___ EXTRACTED DATA

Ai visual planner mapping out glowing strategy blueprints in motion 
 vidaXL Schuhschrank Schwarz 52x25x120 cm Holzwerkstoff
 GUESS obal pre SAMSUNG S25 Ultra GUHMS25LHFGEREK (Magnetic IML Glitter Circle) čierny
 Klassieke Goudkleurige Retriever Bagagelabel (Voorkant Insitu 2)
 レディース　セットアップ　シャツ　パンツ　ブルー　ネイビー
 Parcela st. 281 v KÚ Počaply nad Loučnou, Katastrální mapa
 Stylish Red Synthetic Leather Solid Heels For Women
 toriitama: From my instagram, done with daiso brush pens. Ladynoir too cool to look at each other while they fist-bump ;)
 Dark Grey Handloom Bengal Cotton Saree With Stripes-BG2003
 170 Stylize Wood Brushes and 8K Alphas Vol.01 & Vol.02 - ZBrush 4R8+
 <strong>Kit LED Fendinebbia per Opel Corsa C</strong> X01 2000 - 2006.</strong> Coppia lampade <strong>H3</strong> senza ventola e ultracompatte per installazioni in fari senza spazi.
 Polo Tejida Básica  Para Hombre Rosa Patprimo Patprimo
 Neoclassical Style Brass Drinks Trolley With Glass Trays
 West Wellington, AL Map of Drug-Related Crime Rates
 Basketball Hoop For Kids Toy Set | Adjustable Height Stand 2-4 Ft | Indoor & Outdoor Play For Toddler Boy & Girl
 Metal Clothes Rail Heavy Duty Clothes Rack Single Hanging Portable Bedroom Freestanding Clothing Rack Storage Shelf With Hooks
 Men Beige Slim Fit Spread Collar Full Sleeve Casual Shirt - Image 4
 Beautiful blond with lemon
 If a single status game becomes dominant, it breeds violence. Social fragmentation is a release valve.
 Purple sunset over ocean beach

______

=== WHAT YOU ARE ASKED TO DO ===
Every entry must be output again exactly as it was given.

=== RESULT FOR THIS EXERCISE ===
Ai visual planner mapping out glowing strategy blueprints in motion 
 vidaXL Schuhschrank Schwarz 52x25x120 cm Holzwerkstoff
 GUESS obal pre SAMSUNG S25 Ultra GUHMS25LHFGEREK (Magnetic IML Glitter Circle) čierny
 Klassieke Goudkleurige Retriever Bagagelabel (Voorkant Insitu 2)
 レディース　セットアップ　シャツ　パンツ　ブルー　ネイビー
 Parcela st. 281 v KÚ Počaply nad Loučnou, Katastrální mapa
 Stylish Red Synthetic Leather Solid Heels For Women
 toriitama: From my instagram, done with daiso brush pens. Ladynoir too cool to look at each other while they fist-bump ;)
 Dark Grey Handloom Bengal Cotton Saree With Stripes-BG2003
 170 Stylize Wood Brushes and 8K Alphas Vol.01 & Vol.02 - ZBrush 4R8+
 <strong>Kit LED Fendinebbia per Opel Corsa C</strong> X01 2000 - 2006.</strong> Coppia lampade <strong>H3</strong> senza ventola e ultracompatte per installazioni in fari senza spazi.
 Polo Tejida Básica  Para Hombre Rosa Patprimo Patprimo
 Neoclassical Style Brass Drinks Trolley With Glass Trays
 West Wellington, AL Map of Drug-Related Crime Rates
 Basketball Hoop For Kids Toy Set | Adjustable Height Stand 2-4 Ft | Indoor & Outdoor Play For Toddler Boy & Girl
 Metal Clothes Rail Heavy Duty Clothes Rack Single Hanging Portable Bedroom Freestanding Clothing Rack Storage Shelf With Hooks
 Men Beige Slim Fit Spread Collar Full Sleeve Casual Shirt - Image 4
 Beautiful blond with lemon
 If a single status game becomes dominant, it breeds violence. Social fragmentation is a release valve.
 Purple sunset over ocean beach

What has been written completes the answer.